North Carolina Democratic legislators pleaded with the General Assembly’s Republican majority on Tuesday to consider gun safety and mental health measures, citing last week’s shootings in Raleigh that left five people dead.

Democratic lawmakers, one a resident of the east Raleigh subdivision where the shooting rampage began last Thursday, said the public expects elected officials to work together to pass laws designed to make them safer. Police attributed the shooting to a 15-year-old boy.

“This is an issue that transcends party. It’s an issue about our safety, the safety of our children, the safety of our state,” Senate Minority Leader Dan Blue said at a news conference.
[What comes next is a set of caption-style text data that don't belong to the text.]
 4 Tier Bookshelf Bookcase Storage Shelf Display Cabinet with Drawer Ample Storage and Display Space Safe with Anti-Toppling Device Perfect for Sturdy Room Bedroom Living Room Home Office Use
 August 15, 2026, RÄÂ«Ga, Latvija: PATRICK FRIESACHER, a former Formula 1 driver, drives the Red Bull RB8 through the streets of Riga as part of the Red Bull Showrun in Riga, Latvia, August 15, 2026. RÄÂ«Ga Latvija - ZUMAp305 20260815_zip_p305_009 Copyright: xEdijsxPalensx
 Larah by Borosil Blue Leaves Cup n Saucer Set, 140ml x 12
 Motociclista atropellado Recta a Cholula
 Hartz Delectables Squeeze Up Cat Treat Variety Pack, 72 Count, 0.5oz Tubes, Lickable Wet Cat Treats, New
Blue has lived in the Hedingham community where the shootings occurred for over 30 years “and never felt that I would be unsafe in the community where we raised our kids until last week.”

Previous Democratic requests for Republicans to permit debate and votes on gun-control measures and others to keep weapons out of the hands of people at extreme risk of becoming violent have been unsuccessful. Similar calls have arisen in North Carolina and in other states after mass shootings, such as those earlier this year in Buffalo, New York, and Uvalde, Texas.

“My question today is now the time for a discussion of gun reform, or do we have to wait yet for another mass shooting?” said Sen. Jay Chaudhuri, a Wake County Democrat.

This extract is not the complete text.